Department of Education
Caraga Administrative Region
Division of Agusan del Sur
PATIN-AY NATIONAL HIGH SCHOOL
(Carved- Out School from ASSAT/DepEd Accredited Technical Vocational High School)
(Operating Unit – Empowered)
D.O. Plaza Government Center, Patin-ay Prosperidad Agusan del Sur

CAREER GUIDANCE
ADVOCACY PROGRAM
FOR GRADE 12
STUDENTS

Module 6
0
6 Keep Me Balanced!

Introduction

Values are a fundamental building block of your Mission in Life (Clarke, 2012).
Brown (1995) in her Values-Based Holistic Approach to Career Development third
tenets stated that values play an important role in the career decision-making process
of individuals more than their interests. An individual’s value orientation greatly molds
and influences his/her functioning as this presents the direction to a desired end state
and has a central role in setting goals or expected outcomes. Values also serve as the
basis for evaluating one’s own actions and the action of others, particularly in terms of
how the individual and others must function (Villar, 2009).

This module will let you identify your possessed values to keep you balanced
with those values shared by your significant others—school, family, and community.
You may be able to know yourselves better as you continue navigating vast
opportunities in your lifelong journey.

1
I. Objectives

At the end of this module, the learners are expected to:


1. identify their values that leads to the attainment of their career goals;
2. evaluate their values that influenced their career and life decisions; and
3. plan ways on how to resolve conflict in their values to successfully achieve
their career and life goals.

II. Motivation

Activity 1: Mine Me Game

In this game, you are expected to become aware of the different values a
person possesses that somehow could affect his/her career choice.

Directions:

Rearrange the jumbled letters and come up with the correct words/phrases and
write it in the answer column.

Jumbled Letters Answer

cepae of nidm

nfinacila tabsiliyt

ahelht

didenpenenec

amfily aphpiessn

icopemtiton

resptieg

nhyeost

cersvie to toersh

bdet of ragtitued

olve of ogd

erconitingo

ncdigeeli

2
apesurel

papearacen

olyatyl

nokwledeg

niterigty

asft epac

aadvnceentm

1. Looking at the words/phrases on the board, what do you think are these
about?
2. How important are these values to a person’s life?
3. How does ones’ values affect his/her choice of a profession?

III. Main Activity

Do Activity Worksheet No. 6.1: Side A, Side B in your workbook.

Directions:
1. Answer the template for five minutes.
2. Choose 5 classmates or your family members to answer SIDE B.
3. Let your classmates/family members identify values which they think you
possess.

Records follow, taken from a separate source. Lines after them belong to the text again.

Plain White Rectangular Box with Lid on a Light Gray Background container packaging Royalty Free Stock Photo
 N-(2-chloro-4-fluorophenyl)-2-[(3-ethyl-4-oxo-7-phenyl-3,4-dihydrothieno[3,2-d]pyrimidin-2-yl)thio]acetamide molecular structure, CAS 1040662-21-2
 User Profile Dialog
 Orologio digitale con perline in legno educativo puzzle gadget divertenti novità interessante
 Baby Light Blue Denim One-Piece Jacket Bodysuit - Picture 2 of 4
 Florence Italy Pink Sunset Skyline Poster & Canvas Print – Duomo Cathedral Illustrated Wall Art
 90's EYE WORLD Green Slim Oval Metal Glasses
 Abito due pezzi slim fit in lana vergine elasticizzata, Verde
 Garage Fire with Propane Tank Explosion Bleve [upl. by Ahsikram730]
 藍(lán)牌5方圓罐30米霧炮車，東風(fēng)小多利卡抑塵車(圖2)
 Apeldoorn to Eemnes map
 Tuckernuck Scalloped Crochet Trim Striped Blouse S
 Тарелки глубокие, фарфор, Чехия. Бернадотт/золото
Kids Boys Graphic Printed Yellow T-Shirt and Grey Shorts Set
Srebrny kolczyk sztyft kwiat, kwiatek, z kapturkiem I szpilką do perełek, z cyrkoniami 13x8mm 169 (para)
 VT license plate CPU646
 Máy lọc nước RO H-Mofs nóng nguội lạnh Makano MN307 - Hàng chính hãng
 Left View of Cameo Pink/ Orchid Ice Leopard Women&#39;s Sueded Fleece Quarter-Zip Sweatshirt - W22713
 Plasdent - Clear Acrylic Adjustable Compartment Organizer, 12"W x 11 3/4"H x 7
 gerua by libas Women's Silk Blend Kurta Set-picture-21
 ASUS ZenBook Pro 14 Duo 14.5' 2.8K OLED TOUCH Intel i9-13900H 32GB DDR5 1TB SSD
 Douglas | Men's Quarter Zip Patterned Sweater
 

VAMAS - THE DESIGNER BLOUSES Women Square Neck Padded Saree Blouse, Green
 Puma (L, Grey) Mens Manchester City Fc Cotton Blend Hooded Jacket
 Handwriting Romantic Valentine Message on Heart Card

Let them write the value that best describes you on the Side B portion
of your paper. If you are letting them answer remotely, you can write their
answers on the template. Remind them to be candid in their perception/s.

Process Questions:
1. How did you find the activity?
2. How do you find your values compared to those written by your groupmates
on your paper?
3. How do you feel about those values attributed by your classmates to you,
which you may be unaware of?
4. How can your values contribute/deter the attainment of your career goals?
Big group sharing (15 minutes)

IV. Lecturette
Values are acquired as a result of value-laden information from the
environment interacting with the inherited characteristics of the individual. Since
cultural background, gender, and socio-economic level influence social
interactions and opportunities, priorities placed on values by people from various

3
multicultural grouping will vary and influence the choice of careers and other life
roles.

Values that are influenced by other people’s value systems may not truly
represent the individual’s true values.

We have different kinds of values. These are:


• personal values like self-respect, self-fulfillment, health, privacy,
peace of mind, financial stability, independence
• family values like love, close family ties, family happiness
• spiritual values like establishing a close personal relationship with
God, seeking His will in our life, following His commandments, working
for the good and well-being of the less fortunate
• work values like precision work, power, exercising competence, public
contact, fast pace, change and variety
• career values like personal growth, advancement, prestige and status,
recognition
• social and humanitarian values like service to others, helping people
in need, love of country, moral fulfilment, etc.
• cultural values like debt of gratitude or utang na loob, getting along
with others or pakikisama, authority

Conflicts in values may be intrapersonal, interpersonal, or


organizational. An intrapersonal conflict is a situation wherein one experiences
conflict of values and needs within oneself. (Example: Achievement conflicts
with health; independence conflicts with security.)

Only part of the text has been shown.